What if I told you there was a way to have a 10kg/s boiler that doesn't even need to run a single aquatuner more than about 50% of the time? You probably wouldn't believe it, right? I mean, that'd require you to preheat water to over 108C...

I give you The Supercharger.

Test Bed Supercharger.sav

[Sevio]

Does this work off your previous discovery of having a pump create steam from nothing?

[Saturnus]

24 minutes ago, Sevio said:

Does this work off your previous discovery of having a pump create steam from nothing?

This is not an exploit. And not based on a random bug. It's just very clever engineering. What I really discovered here is a sweet spot where the tepidizer stay on 100% of the time because it's got just the right temperature water at just the right pressure rushing past it to keep it from turning off. And trust me, it took me hours to test all the possible variables.

What is happening here is, as you can see if you try to run it, carefully matching the pressure at the left end of the tepidizer to be between 380kg and 400kg per tile while pumping it away at the other end. Liquid, gas and wire bridges are plastered all over to try and keep the water in the left most tile of tepidizer below the 95C cut-off point. Again the airlock is what helps the most at regulating the temperature. In the 10kg/s distiller I can get it to output up to 113.1C  (briefly, 112.2C stable) when the input water is 46C. However, if the input water goes up to 48C the output temperature drops to 103C, and at 50C it's a measly 98C. Going below 40C feed drop the output temperature by about 2C for every 1C lower the input is until it reaches about 98C at which point it continues to drop on a 1C to 1C basis as you'd expect.
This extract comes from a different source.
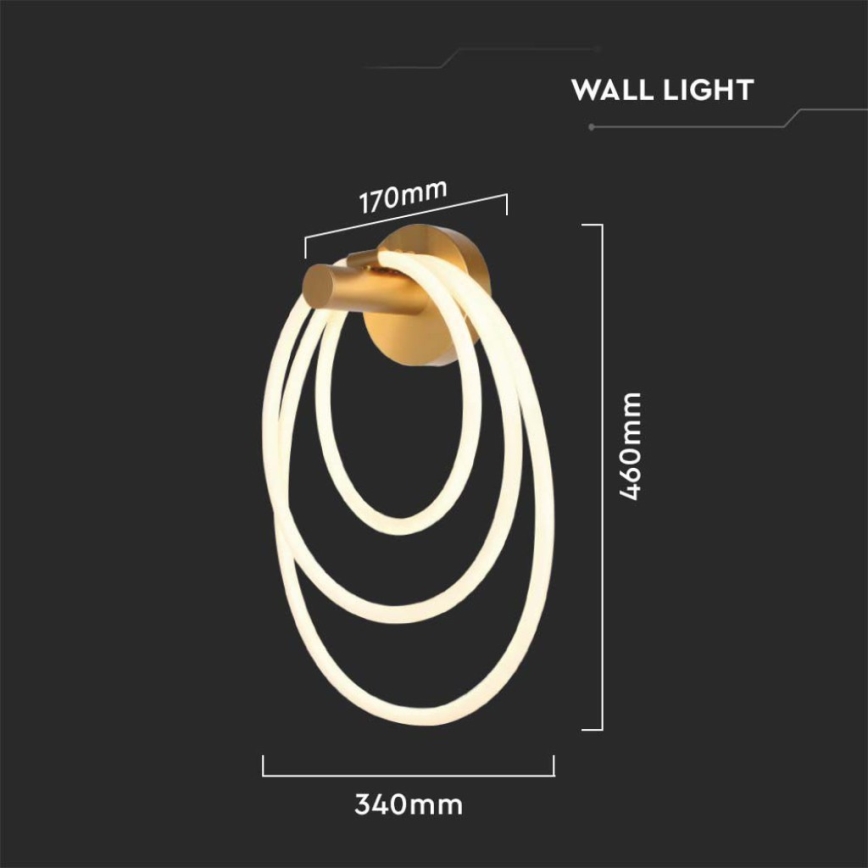 Светодиодный настенный светильник LED/37W/230V 3000K золотистый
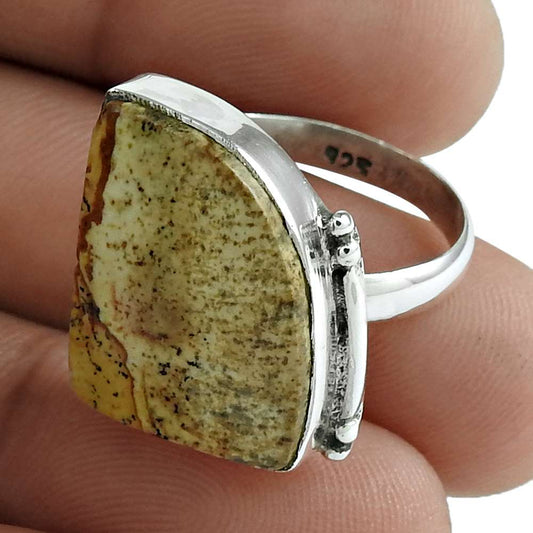 Natural Picture Jasper 925 Silver Solitaire Tribal Ring Size 7.5 For Girls X2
I actually don't know if the pumps creating steam from nothing works in the OI. Anyone tested it?

[Sevio]

When you first posted that design I did load up your save to check it out and I noticed the result would be far worse than the one demonstrated if I started tweaking the values like water level and pump speed with a valve, so well done on finding this local maximum. Since this is very sensitive to input water temperature and most polluted water generating structures output at 40 C, condensing the steam that you'd create after boiling sounds like a bit of a challenge though...

[Saturnus]

26 minutes ago, Sevio said:

When you first posted that design I did load up your save to check it out and I noticed the result would be far worse than the one demonstrated if I started tweaking the values like water level and pump speed with a valve, so well done on finding this local maximum. Since this is very sensitive to input water temperature and most polluted water generating structures output at 40 C, condensing the steam that you'd create after boiling sounds like a bit of a challenge though...

Yeah. The updated 10kgs distiller I posted in it's own thread solves most of this by aquatuner work rate being directly depended on the input water temperature and the heat exchanger/inter-cooler being purposely less efficient/smaller. That means the heat exchanger on it's own will heat up input water too much but the cooling from the aquatuner loop keeps it's in balance. That gives you a fairly large input water temperature range but it optimised for about 30C. This is chosen due to the main sources are probably shower and lavatories which will output at their building temperature, and that should be under 30C to be comfortable. Add in some water at 40C machines and it should be about 30C. However. Tweaking the heat exchanger/inter-cooler to be more or less effective to suit you particular build should really be straight forward.

EDIT: Oh, and try changing statues/canvas' for tombstones. 800kg of 2 granite goodness. The most massive building in the game.
 

 

[np5jx61]

不要在游戏中套用现实世界的知识。这个游戏散热是以水循环的方式，滴水过程中损失热量是因为这个水循环散热的代码造成的

[Le0n1des]

Getting back to the topic... So is using tombstones better for heat transfer, due to the ability to pack more mass in the same space or statues, due to temperature equalization of 3 tiles?

[Saturnus]

24 minutes ago, Le0n1des said:

Getting back to the topic... So is using tombstones better for heat transfer, due to the ability to pack more mass in the same space or statues, due to temperature equalization of 3 tiles?

Tombstones are only 2 tiles high so they can't substitute statues in all cases but in the cases it can, it's 3 times better than statues.